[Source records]
+ + + + + + +

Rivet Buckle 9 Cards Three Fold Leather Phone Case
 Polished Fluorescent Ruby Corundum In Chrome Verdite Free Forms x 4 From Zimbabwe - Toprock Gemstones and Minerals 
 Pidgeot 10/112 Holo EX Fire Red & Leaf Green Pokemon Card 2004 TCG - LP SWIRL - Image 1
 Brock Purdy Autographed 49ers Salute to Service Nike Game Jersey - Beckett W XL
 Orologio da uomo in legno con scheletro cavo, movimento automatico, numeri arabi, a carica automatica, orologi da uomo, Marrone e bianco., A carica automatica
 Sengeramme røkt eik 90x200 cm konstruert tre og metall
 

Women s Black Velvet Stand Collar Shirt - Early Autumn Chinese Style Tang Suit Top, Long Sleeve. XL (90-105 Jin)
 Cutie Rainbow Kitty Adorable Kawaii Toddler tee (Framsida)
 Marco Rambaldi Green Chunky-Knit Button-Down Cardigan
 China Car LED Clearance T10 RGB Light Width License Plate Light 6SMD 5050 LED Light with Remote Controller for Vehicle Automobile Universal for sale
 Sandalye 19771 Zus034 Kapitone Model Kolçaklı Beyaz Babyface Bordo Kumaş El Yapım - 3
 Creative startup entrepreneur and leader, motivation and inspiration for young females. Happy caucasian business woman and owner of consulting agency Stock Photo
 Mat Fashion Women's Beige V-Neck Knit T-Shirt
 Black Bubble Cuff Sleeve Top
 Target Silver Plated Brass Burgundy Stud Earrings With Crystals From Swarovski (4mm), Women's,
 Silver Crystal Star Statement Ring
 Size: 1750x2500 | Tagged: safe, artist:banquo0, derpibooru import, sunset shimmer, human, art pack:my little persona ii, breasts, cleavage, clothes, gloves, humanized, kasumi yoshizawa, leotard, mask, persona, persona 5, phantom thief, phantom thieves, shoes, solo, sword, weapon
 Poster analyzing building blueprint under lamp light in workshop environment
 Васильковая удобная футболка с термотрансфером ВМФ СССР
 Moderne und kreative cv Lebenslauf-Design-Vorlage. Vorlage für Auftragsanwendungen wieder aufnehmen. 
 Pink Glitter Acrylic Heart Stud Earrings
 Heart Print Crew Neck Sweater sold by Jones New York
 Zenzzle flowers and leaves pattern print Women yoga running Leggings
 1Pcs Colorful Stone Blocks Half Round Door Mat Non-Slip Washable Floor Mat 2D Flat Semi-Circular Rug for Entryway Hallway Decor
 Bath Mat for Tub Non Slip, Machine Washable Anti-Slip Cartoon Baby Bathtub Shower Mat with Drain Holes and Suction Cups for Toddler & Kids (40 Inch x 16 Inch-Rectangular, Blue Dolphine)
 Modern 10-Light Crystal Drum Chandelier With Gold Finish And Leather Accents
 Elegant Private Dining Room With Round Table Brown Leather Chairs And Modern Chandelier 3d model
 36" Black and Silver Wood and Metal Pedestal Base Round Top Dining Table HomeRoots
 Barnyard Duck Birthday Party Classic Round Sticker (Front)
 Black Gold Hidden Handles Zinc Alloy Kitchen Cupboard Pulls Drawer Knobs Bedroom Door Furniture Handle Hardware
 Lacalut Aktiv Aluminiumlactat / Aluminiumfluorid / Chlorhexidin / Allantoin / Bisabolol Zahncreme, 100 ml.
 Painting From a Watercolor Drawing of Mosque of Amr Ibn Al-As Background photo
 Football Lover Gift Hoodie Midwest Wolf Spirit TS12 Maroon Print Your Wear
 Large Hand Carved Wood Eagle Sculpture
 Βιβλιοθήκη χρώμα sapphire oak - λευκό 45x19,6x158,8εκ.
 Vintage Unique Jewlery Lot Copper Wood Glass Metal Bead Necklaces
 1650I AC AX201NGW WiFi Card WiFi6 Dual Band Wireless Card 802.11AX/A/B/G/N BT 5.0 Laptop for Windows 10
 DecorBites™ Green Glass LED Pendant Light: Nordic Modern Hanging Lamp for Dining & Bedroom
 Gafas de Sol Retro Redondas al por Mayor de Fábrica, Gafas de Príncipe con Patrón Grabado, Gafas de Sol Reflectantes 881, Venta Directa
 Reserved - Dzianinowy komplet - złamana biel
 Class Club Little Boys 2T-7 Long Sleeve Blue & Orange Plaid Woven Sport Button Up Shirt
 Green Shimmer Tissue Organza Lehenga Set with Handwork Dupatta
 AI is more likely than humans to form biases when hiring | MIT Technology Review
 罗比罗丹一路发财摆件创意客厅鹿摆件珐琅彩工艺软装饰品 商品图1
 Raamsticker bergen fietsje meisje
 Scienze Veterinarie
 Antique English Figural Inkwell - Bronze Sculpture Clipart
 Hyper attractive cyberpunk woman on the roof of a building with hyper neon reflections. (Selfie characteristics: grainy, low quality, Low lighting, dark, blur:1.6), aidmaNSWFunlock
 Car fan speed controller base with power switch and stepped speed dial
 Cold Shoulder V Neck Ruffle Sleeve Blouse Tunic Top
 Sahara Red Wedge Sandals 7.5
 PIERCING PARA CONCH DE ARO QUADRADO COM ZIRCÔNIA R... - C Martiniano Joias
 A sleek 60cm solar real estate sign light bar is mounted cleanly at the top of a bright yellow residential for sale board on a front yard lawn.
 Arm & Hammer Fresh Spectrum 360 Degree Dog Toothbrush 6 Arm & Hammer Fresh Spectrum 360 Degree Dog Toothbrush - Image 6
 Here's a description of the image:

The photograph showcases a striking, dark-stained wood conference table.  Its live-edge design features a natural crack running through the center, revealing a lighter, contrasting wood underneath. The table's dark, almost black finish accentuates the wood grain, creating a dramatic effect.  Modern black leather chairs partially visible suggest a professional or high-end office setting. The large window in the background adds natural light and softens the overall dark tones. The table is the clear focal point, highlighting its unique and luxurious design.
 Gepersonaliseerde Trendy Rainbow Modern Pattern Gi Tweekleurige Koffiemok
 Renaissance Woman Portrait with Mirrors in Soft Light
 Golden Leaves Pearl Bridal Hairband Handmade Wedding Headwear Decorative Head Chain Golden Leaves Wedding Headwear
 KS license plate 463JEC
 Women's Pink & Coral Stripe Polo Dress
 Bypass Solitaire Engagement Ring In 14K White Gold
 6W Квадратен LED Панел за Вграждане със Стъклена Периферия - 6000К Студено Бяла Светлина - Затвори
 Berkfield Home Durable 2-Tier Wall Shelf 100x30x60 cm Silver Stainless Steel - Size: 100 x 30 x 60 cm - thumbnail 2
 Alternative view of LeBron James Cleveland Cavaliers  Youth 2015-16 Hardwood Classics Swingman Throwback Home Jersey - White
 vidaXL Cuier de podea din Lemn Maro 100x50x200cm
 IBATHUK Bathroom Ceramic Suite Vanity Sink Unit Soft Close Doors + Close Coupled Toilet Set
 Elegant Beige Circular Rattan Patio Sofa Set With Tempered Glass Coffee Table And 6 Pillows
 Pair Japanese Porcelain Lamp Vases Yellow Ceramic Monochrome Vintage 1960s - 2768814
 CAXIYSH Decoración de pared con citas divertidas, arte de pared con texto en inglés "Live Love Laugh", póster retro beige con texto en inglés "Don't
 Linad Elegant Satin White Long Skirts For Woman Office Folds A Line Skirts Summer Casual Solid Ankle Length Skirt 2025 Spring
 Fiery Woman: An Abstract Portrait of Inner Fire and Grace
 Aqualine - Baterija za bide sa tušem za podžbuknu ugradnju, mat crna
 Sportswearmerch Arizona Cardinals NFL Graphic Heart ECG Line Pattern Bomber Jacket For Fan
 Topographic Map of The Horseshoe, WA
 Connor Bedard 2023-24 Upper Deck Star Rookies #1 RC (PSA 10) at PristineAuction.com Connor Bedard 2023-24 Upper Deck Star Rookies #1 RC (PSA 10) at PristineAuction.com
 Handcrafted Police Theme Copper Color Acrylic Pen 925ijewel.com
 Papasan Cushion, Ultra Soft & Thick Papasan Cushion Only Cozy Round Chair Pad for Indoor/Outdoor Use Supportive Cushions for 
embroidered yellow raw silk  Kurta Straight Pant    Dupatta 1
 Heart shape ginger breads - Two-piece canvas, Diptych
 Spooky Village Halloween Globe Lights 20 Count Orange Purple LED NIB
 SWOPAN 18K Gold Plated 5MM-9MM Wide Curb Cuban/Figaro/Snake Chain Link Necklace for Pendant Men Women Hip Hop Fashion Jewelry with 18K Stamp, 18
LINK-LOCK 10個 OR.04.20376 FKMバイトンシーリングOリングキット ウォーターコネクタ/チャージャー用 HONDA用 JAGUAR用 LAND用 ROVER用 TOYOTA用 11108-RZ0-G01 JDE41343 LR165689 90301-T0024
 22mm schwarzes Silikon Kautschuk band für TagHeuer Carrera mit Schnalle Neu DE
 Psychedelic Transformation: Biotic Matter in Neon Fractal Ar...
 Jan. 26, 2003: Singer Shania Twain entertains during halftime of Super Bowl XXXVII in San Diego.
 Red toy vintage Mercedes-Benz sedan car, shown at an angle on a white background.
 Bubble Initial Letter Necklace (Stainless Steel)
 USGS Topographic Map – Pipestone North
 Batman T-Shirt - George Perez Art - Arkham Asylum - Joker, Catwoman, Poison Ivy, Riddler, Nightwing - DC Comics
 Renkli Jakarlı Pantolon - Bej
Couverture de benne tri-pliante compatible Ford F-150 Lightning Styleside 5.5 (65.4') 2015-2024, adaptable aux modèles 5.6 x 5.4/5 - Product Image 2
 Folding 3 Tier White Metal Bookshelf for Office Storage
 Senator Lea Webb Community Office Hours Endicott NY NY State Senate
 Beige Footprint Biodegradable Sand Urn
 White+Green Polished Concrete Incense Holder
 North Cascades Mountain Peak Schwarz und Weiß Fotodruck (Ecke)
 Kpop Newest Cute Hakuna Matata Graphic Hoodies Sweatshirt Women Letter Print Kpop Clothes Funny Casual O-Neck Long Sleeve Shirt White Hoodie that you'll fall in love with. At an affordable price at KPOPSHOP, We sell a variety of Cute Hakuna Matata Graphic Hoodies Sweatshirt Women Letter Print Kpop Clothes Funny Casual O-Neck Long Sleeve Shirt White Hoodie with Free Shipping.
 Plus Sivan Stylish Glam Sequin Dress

+ + + + + + +

* _What this task involves_: Every line above from the line with "Sengeramme røkt eik" to the line with "Sandalye 19771 Zus034" is wanted, ends included; write them out exactly and add no other line.

* _Solution to the problem_:
 Sengeramme røkt eik 90x200 cm konstruert tre og metall
 

Women s Black Velvet Stand Collar Shirt - Early Autumn Chinese Style Tang Suit Top, Long Sleeve. XL (90-105 Jin)
 Cutie Rainbow Kitty Adorable Kawaii Toddler tee (Framsida)
 Marco Rambaldi Green Chunky-Knit Button-Down Cardigan
 China Car LED Clearance T10 RGB Light Width License Plate Light 6SMD 5050 LED Light with Remote Controller for Vehicle Automobile Universal for sale
 Sandalye 19771 Zus034 Kapitone Model Kolçaklı Beyaz Babyface Bordo Kumaş El Yapım - 3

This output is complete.